Last summer, before dominating the London Games, the U.S. swim team memorably made a just-for-fun video of Carly Rae Jepsen’s “Call Me Maybe.”
This winter, the U.S. women’s ski team is on a killer roll, underscored by yet another memorable performance Saturday, when Lindsey Vonn won the downhill at Cortina d’Ampezzo, Italy, with Leanne Smith third.
That came after Tuesday’s night slalom at Flachau, Austria. There, 17-year-old Mikaela Shiffrin picked up her third World Cup victory in her first full year on tour.
Just like the swim team last summer, the skiers will be among the primary U.S. stars next February at the 2014 Winter Olympics in Sochi, Russia.
Again, just like the swim team, the ski team’s success is rooted in the same fundamentals. There’s a strong management team. Great coaches. Obvious talent. And, now the final piece of the puzzle — a winning culture, the kind of thing the swim video made plain.
The ski team has it, too, and that came shining through in a long, long answer to a reporter’s question after Saturday’s downhill in Italy. Revealingly, it came not from Vonn but from Smith. The reporter asked about a “family feeling” on the team.
Here is what she said:
“Yesterday, we were talking about on the bus at lunch how often we have been asked this question. And we were trying to come up with ways to — things to say in response to that. And, first, we were like, ‘We listen to Justin Bieber — Justin Bieber together.’ Or, ‘Like, we all sleep in one big bed every night.’ Or, ‘We have like these crazy rituals.’
“No, there are a lot of hard workers on this team. Everybody wants to help each other out and see each other do well and the hard work, whether it be in the gym in the summer or training in Portillo [in Chile] or in New Zealand and the working and the racing and being confident — as, you know, in any sport or skiing, in particular, and all the variables and things that come at you every day, you need to in the right mind state. You need to be confident in your abilities.

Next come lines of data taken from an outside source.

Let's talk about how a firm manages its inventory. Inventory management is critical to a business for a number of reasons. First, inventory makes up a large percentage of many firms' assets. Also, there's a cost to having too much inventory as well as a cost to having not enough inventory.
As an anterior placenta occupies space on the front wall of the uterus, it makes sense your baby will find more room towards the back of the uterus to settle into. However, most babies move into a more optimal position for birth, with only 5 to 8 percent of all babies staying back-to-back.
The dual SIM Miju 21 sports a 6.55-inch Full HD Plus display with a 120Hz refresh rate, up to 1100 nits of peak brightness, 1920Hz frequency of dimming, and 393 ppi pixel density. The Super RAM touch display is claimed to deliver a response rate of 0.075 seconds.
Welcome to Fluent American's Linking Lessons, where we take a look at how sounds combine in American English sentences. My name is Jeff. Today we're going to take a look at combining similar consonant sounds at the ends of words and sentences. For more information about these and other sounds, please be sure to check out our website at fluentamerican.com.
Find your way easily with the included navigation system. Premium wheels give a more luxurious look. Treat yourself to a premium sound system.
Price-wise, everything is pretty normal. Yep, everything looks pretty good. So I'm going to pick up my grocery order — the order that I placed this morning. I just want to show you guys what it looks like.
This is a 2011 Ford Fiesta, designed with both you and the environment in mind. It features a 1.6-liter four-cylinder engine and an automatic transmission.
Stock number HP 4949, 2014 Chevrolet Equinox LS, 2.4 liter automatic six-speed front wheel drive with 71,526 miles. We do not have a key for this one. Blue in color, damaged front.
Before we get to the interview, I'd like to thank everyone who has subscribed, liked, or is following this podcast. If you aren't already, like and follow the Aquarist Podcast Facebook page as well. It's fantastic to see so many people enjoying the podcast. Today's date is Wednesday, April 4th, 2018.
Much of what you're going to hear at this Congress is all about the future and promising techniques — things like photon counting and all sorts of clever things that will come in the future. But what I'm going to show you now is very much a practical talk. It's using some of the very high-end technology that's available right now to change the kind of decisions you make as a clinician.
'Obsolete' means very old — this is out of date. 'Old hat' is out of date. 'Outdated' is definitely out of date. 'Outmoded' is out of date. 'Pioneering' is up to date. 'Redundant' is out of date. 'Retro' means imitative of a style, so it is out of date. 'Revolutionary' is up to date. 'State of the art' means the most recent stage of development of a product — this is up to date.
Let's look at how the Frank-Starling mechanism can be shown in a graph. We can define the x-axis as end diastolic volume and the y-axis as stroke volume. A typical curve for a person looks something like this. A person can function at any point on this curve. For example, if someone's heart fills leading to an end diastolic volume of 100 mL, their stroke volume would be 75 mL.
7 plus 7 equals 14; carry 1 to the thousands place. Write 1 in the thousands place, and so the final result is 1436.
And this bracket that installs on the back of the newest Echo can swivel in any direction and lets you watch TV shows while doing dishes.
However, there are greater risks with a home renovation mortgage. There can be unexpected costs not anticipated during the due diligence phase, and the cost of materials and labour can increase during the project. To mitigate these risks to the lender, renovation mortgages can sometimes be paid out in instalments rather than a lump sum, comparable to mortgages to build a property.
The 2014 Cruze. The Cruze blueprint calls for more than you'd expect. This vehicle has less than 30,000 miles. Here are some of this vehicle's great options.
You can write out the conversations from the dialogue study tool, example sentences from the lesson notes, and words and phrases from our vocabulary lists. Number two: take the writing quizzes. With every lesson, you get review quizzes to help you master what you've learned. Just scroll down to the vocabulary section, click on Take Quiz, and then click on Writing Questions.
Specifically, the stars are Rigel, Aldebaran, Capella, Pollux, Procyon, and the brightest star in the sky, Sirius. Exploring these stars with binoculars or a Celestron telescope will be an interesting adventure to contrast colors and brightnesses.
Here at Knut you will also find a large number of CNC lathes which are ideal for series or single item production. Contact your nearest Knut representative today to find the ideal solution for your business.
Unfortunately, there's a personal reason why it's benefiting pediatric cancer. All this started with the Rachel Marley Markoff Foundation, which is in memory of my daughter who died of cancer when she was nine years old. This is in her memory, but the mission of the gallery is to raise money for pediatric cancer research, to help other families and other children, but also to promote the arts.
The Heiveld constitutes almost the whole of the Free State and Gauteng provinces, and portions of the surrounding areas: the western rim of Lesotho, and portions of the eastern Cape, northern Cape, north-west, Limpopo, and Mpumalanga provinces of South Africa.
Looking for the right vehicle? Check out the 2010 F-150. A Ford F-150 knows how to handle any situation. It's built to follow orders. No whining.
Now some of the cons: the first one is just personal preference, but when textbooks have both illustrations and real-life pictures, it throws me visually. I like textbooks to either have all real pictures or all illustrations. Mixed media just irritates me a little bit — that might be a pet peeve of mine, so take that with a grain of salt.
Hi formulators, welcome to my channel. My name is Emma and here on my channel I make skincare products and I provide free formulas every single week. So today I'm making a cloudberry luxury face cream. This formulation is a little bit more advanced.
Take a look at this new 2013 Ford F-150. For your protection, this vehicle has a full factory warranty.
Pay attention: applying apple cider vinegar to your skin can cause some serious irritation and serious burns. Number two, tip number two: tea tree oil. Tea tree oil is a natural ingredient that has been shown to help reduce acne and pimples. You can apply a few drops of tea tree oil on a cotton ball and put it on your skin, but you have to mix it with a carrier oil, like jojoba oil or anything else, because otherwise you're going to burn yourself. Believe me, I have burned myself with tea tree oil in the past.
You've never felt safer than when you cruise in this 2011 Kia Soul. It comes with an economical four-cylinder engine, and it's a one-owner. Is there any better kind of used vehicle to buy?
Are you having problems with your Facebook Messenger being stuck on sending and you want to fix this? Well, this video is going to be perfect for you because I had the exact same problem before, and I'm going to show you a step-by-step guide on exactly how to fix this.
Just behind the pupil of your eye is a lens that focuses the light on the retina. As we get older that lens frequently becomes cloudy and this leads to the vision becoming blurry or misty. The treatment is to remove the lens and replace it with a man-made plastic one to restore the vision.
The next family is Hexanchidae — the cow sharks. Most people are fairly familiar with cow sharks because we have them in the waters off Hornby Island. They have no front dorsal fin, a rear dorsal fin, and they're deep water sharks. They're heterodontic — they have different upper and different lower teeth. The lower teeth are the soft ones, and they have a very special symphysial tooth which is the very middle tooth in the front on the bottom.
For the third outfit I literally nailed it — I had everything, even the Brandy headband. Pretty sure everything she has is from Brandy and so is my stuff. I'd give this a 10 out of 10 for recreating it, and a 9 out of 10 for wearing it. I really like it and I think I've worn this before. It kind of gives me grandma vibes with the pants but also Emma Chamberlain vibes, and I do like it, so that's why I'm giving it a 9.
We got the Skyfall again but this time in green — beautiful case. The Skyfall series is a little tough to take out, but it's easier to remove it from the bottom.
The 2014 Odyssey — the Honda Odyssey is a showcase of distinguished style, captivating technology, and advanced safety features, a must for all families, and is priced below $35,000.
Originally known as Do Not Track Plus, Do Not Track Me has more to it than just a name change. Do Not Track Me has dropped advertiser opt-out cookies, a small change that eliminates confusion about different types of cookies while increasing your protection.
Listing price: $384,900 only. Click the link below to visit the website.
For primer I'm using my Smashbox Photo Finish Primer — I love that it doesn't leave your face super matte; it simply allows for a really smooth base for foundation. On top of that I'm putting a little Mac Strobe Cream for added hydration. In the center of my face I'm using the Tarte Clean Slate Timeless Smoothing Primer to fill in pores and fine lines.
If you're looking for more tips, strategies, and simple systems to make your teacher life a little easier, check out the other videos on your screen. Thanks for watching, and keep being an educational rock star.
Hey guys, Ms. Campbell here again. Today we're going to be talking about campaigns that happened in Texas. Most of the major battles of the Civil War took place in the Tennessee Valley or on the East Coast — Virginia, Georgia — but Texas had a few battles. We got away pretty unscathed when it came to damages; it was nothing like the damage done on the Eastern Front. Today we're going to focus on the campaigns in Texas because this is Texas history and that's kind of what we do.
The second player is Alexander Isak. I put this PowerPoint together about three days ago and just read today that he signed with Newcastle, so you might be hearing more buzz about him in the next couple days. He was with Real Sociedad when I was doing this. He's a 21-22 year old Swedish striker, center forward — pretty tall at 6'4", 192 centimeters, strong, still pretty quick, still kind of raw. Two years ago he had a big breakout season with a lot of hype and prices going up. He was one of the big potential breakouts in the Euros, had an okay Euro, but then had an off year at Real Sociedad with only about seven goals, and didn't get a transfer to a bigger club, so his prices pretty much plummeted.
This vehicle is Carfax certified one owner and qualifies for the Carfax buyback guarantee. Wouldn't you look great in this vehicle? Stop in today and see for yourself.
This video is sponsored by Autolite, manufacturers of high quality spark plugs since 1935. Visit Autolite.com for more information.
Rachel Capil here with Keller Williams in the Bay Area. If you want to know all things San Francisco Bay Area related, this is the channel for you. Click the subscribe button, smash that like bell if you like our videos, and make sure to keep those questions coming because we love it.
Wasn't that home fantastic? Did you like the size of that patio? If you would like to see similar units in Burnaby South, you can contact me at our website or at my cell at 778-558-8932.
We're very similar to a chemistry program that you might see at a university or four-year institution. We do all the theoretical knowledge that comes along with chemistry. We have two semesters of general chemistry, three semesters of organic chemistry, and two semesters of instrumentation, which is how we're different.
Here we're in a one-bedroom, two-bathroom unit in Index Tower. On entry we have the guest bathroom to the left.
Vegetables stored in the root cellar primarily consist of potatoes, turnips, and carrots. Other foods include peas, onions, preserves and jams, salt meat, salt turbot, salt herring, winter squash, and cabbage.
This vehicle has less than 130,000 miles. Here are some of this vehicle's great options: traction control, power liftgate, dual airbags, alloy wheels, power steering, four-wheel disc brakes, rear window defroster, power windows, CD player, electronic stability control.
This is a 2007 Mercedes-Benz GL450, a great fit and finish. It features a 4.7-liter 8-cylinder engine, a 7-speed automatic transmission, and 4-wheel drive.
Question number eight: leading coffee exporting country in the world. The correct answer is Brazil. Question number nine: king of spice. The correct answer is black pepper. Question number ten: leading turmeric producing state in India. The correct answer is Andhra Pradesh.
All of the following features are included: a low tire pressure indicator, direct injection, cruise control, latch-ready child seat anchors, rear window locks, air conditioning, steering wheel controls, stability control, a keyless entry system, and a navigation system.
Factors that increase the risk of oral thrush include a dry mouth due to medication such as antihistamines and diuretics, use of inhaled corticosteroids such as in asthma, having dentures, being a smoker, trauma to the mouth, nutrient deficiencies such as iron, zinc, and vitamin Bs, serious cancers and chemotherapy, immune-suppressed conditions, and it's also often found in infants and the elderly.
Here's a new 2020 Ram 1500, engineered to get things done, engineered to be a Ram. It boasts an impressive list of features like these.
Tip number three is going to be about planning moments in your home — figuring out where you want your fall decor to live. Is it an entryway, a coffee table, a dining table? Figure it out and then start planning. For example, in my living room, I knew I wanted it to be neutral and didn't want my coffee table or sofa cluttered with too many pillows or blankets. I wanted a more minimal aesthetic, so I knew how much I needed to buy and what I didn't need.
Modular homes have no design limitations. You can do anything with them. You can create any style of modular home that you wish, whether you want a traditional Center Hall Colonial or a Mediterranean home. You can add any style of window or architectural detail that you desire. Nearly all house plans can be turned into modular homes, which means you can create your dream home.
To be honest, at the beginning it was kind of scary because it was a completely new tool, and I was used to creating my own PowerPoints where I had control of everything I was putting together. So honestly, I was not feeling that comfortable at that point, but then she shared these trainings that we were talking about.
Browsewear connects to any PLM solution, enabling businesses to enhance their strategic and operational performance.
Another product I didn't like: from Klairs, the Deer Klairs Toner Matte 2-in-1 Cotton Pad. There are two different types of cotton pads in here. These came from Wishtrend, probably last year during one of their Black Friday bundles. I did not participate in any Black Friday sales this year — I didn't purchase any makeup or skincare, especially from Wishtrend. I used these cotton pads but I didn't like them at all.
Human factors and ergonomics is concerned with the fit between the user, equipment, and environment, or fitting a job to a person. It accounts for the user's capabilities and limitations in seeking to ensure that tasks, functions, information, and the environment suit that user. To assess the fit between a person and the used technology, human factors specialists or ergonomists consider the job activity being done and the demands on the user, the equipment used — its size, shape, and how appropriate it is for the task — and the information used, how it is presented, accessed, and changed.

“When you see a teammate come down and be on the podium, you’re like, ‘Oh, I can do that, too.’ You know? You train with Lindsey and Julia [Mancuso], every day, you watch them ski, you see what they do, you can try to emulate that, because obviously they have had a lot of success in the past, and are very experienced. They have been on the World Cup tour for a long time so there is a lot to be taken from them. And — it’s kind of nice to be on the U.S. team right now, I have to say. We’re having fun, that’s for sure.”
Shiffrin — who spent most of Tuesday doing homework for school before winning the race that night — now leads the World Cup slalom standings. She has also won races in Are, Sweden, and Zagreb, Croatia, and has won $175,000 for the season.
“Maybe I will make a trip to Maui,” she said Tuesday. “I am a 17-year-old. What do I have to do with money? Let’s save it up for retirement.”
Smith’s third-place made for her second podium finish of the year. She took second in the downhill in Val d’Isere in mid-December.
Vonn’s win Saturday was her fifth of the season, the 58th of her career. She now stands just four short of the women’s all-time record, held by Austria’s Annemarie Moser-Pröll.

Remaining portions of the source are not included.